Directions for using Act-O-Vial Two-Compartment Vial: 1. Press down on plastic activator to force diluent into the lower compartment.
2. Gently agitate to effect solution.
3. Remove plastic tab covering center of stopper.
4. Sterilize top of stopper with a suitable germicide.
Note: Steps 1-4 must be completed before proceeding.
5. Insert needle squarely through center of plunger-stopper until tip is just visible.
6. Invert vial and withdraw dose.
Further dilution is not necessary for intravenous or intramuscular injection.
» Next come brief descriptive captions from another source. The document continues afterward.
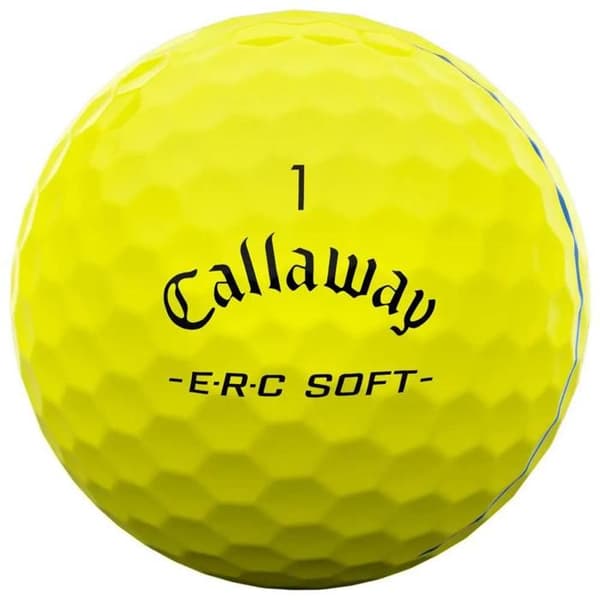 Förpackning med 12 Callaway ERC Soft Triple Track Golfbollar i Gult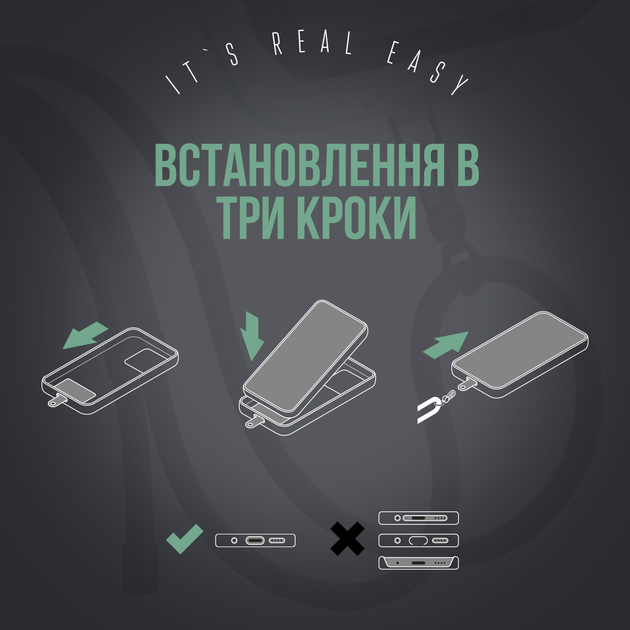 Ремінець для смартфона ArmorStandart Rope Black Pine with Clear holder, ARM67206 4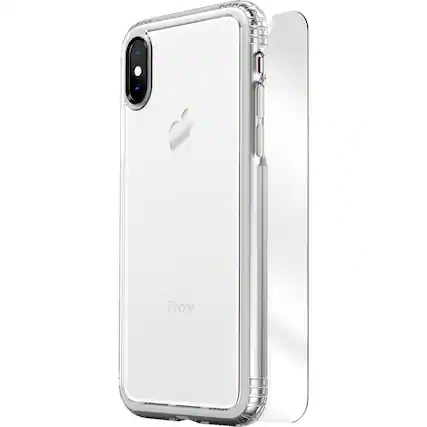 Front. SaharaCase - Protective Kit Case with Glass Screen Protector for Apple iPhone XS Max - Crystal Clear.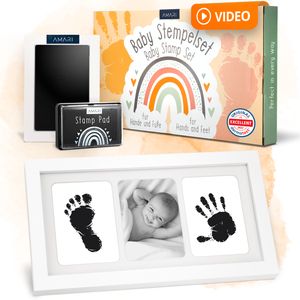AMARI ® Baby Handabdruck und Fußabdruck Set inkl. 2 Stempelkissen und 4 Druckkarten - Ideales Baby Geschenk zur Geburt - Hand und Fuß Abdruck mit Bild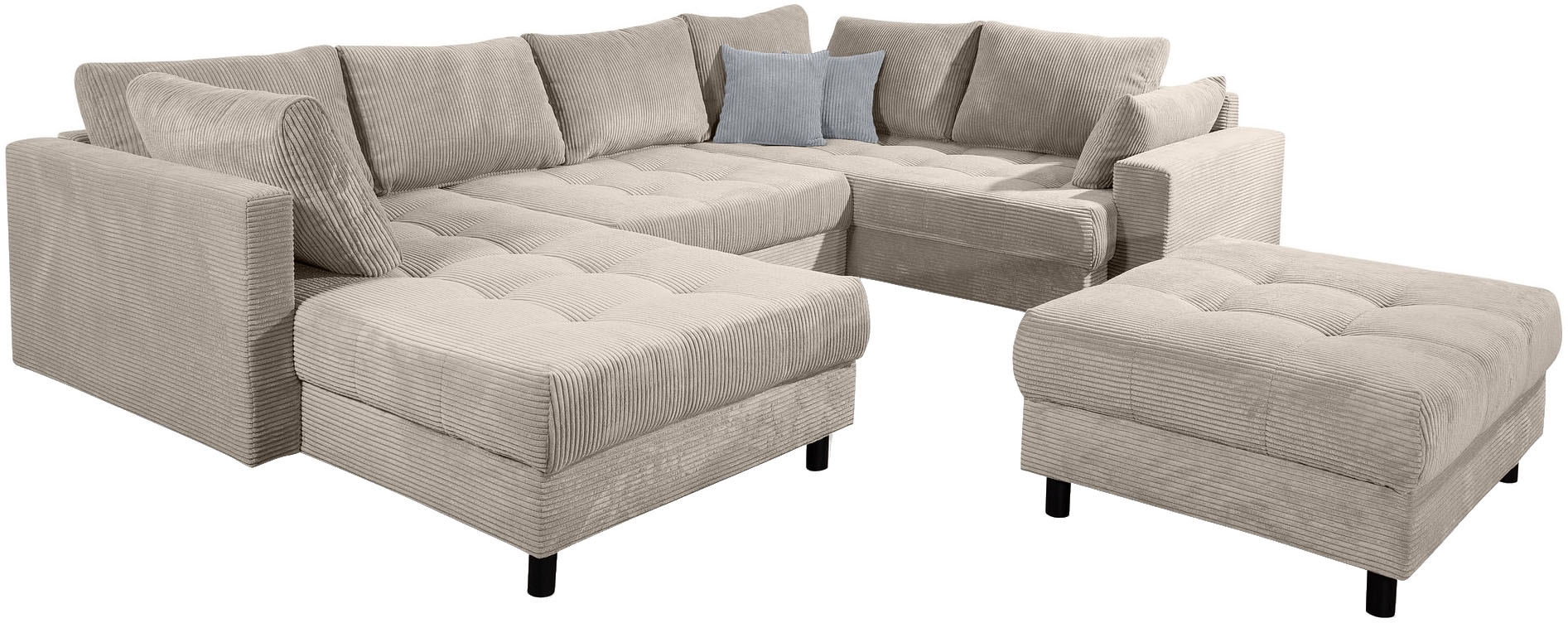 COLLECTION AB Wohnlandschaft »Toni U-Form mit Armlehne« inkl. Hocker und Zierkissen in abgesetzter Farbe, mit Bonnelfederkern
For intravenous infusion, first prepare solution as just described. The 100 mg solution may then be added to 100 to 1000 mL of 5% dextrose in Water (or isotonic saline solution or 5% dextrose in isotonic saline solution if patient is not on sodium restriction). The 250 mg solution may be added to 250 to 1000 mL, the 500 mg solution may be added to 500 to 1000 mL, and the 1000 mg solution to 1000 mL of the same diluents. In cases where administration of a small volume of fluid is desirable, 100 mg to 3000 mg (hydrocortisone equivalent of hydrocortisone sodium succinate) may be added to 50 mL of the above diluents. The resulting solutions are stable for at least 4 hours and may be administered either directly or by IV "piggy-back."